David Lynch’s Obsession with The Wizard of Oz Is Explored
Legendary avant-garde filmmaker David Lynch’s lifelong obsession with Victor Fleming’s 1939 classic, The Wizard of Oz, has been well documented. The new trailer for Alexandre O. Philippe’s documentary, Lynch/Oz, promises an intensive exploration of the subject.
Swiss Director Philippe has built a reputation making movies about movies, and this new treatise on the thematics in Lynch’s work perfectly aligns with his previous films, including The People Vs. George Lucas, Doc of the Dead, 78/52: Hitchcock’s Shower Scene, Memory: The Origins of Alien, and Leap of Faith: William Friedkin on The Exorcist.
The trailer for Lynch/Oz is a spare presentation of words, voices, and a classic theater’s interior to get audiences in the mood for the interpretation of imagery and themes in the filmmaker’s oeuvre pertaining to Fleming’s fantastical musical.
The Trailer’s Testimonials
“Toto, I have a feeling that we’re not on Mulholland Drive anymore…” announces white italicized words in the middle of a black screen as ominous white noise hums in the background (suitably like from a Lynch film itself) to kick off the trailer.
After we see seals for the films nomination and selection by the BFI London Film and the Tribeca Film Festivals, we’re taken inside a grand old movie palace with an elaborate chandelier and lavish curtains, which bring to mind the velvet ambiance of the Red Room in Lynch’s cult classic television series, Twin Peaks.

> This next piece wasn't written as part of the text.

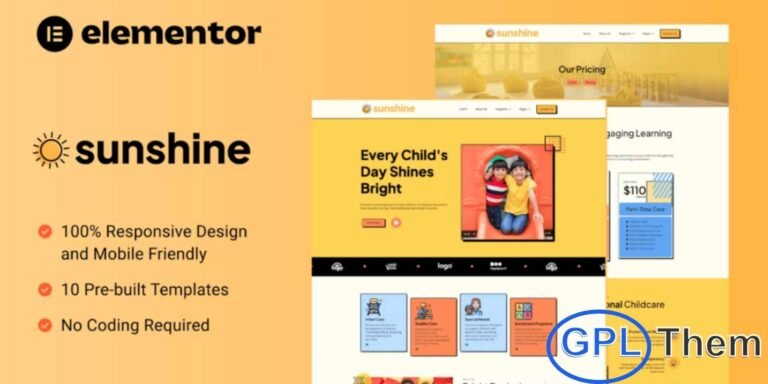 Sunshine – Cheerful Daycare Elementor Template Kit Sunshine is a beautifully crafted Daycare Elementor Template Kit designed to create a bright, cheerful, and trustworthy online presence for childcare centers and early education providers. With its warm visuals and friendly layout, this kit helps you showcase your daycare’s nurturing environment, learning programs, and caring approach in the best possible way.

The interior of this unidentified theater is where the rest of the trailer remains for the duration of its one-and-a-half-minute running time, the camera panning around thoroughly as we hear testimonials from the film’s interviewees.
The run of disembodied voices begins with Variety, and KPCC Film Week critic Amy Nicholson, who states, “I do see the story of The Wizard of Oz as the story of David Lynch himself becoming a filmmaker.” Text next to a close-up shot of a microphone on the theater’s stage tells us that Rolling Stone says that this is “A must for film nerds.” Then we hear cult sensation filmmaker John Waters put forth that, “David has gone over the rainbow from the very first film ever, he lives in a different reality than you or I do, and that’s quite obvious.”
“Lynch/Oz is cinematic catnip,” declares The Film Stage in another bit of text. We then hear the voice of acclaimed documentary filmmaker Rodney Ascher, who ponders, “Why would Lynch be that absorbed with The Wizard of Oz? Did he watch The Wizard of Oz on a perfect day, a perfect time as a child, and it’s sort of baked into his subconscious?”
“A fitting tribute to Lynch,” goes the last pull quote from The Wrap before the film’s title fills the screen with the eerie noise, now intertwined with a murmuring synth, growing louder before abruptly fading off.
What to Expect from Lynch/Oz
While the trailer features no footage from either The Wizard of Oz or Lynch’s filmography, it still presents the tone. It gives a feel for the forum in which the theories and insights into the director’s fandom for Fleming’s iconic fairytale and how it influenced his work. While none of the titles of Lynch’s films are summoned for the trailer, one can expect that such cinematic and small-screen landmarks as Blue Velvet, Wild At Heart, Mulholland Drive, and Twin Peaks will be followed down the yellow-brick road all the way to Emerald City for the ultimate peak behind the curtain.
In one of the few reviews of the film that has so far been posted, from its premiere at the 2022 Tribeca Film Festival, IndieWire critic David Ehrlich wrote that “Lynch/Oz is at its best when it’s at its most illustrative — spiking familiar clips with new context, or arranging side-by-side comparisons that hear uncanny echoes between Victor Fleming’s family classic and David Lynch’s most haunted work. Filtering The Wizard of Oz through the lens of David Lynch, Phillippe and his guests find those energies in close proximity to each other, using two deceptively different visions of America to suggest that our dreams and nightmares have never been as far apart as they seem.”
Joining Nicholson, Waters, and Ascher, whose documentary Room 237 also resides in the movies about movies genre, to talk about Lynch and the world of Dorothy, and the Munchkins in Philippe’s film, are such luminaries as directors Justin Benson (Loki, Moon Knight), Karyn Kusama (Jennifer’s Body, Destroyer), and cinematographer Aaron Moorhead (V/H/S Viral, Synchronic).
The highly anticipated Lynch/Oz is set to be theatrically distributed by Janus Films in North America but does not yet have a release date, so this all-too-brief preview will just have to do for now. It is indeed a tease but an effective one, as film buffs are sure to eat up every word in anticipation. With hope, a release date, and a longer trailer, with some actual footage from the film, will come shortly to help ease the wait.